== DIRECTIONS ==
Having found the line that contains "(image for) Washer", please retype only it and every line after it up to the end of the entries, exactly as written.

(Beginning of ENTRIES SHOWN)

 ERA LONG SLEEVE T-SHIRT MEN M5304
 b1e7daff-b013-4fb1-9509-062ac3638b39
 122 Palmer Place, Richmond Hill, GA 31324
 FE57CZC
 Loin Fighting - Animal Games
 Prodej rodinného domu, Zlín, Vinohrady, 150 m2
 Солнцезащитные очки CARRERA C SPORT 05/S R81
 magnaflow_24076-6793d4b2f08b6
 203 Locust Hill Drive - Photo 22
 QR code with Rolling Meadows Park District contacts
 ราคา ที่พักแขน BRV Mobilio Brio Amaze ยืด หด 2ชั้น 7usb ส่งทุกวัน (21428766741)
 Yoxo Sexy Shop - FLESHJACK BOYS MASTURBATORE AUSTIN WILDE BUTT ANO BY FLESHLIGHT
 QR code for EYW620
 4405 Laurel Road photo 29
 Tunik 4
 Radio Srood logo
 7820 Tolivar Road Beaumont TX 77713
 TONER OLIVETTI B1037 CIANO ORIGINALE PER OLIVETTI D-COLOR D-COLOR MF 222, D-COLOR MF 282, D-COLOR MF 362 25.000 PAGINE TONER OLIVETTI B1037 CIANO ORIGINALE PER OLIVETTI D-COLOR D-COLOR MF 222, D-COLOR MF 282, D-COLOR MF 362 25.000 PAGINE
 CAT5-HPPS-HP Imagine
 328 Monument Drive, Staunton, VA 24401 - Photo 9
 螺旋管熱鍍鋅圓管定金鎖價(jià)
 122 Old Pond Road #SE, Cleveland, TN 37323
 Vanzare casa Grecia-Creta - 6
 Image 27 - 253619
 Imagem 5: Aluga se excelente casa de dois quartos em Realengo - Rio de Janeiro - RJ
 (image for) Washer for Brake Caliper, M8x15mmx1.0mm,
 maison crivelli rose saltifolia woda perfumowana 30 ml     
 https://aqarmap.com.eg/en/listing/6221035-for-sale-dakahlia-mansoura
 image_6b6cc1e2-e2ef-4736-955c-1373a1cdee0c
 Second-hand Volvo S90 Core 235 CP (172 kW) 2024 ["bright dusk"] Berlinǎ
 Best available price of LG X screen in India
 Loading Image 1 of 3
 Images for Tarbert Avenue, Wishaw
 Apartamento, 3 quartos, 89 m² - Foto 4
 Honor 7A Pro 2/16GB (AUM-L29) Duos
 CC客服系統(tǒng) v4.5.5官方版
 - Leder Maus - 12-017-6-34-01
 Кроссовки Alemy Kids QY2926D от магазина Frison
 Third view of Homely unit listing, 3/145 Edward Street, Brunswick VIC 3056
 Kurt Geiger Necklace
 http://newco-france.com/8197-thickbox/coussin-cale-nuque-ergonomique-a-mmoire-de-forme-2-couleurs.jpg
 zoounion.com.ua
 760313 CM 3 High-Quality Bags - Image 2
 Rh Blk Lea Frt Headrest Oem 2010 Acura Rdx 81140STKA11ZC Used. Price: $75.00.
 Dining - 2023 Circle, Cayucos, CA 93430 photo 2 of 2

(End of ENTRIES SHOWN)

== SOLUTION ==
 (image for) Washer for Brake Caliper, M8x15mmx1.0mm,
 maison crivelli rose saltifolia woda perfumowana 30 ml     
 https://aqarmap.com.eg/en/listing/6221035-for-sale-dakahlia-mansoura
 image_6b6cc1e2-e2ef-4736-955c-1373a1cdee0c
 Second-hand Volvo S90 Core 235 CP (172 kW) 2024 ["bright dusk"] Berlinǎ
 Best available price of LG X screen in India
 Loading Image 1 of 3
 Images for Tarbert Avenue, Wishaw
 Apartamento, 3 quartos, 89 m² - Foto 4
 Honor 7A Pro 2/16GB (AUM-L29) Duos
 CC客服系統(tǒng) v4.5.5官方版
 - Leder Maus - 12-017-6-34-01
 Кроссовки Alemy Kids QY2926D от магазина Frison
 Third view of Homely unit listing, 3/145 Edward Street, Brunswick VIC 3056
 Kurt Geiger Necklace
 http://newco-france.com/8197-thickbox/coussin-cale-nuque-ergonomique-a-mmoire-de-forme-2-couleurs.jpg
 zoounion.com.ua
 760313 CM 3 High-Quality Bags - Image 2
 Rh Blk Lea Frt Headrest Oem 2010 Acura Rdx 81140STKA11ZC Used. Price: $75.00.
 Dining - 2023 Circle, Cayucos, CA 93430 photo 2 of 2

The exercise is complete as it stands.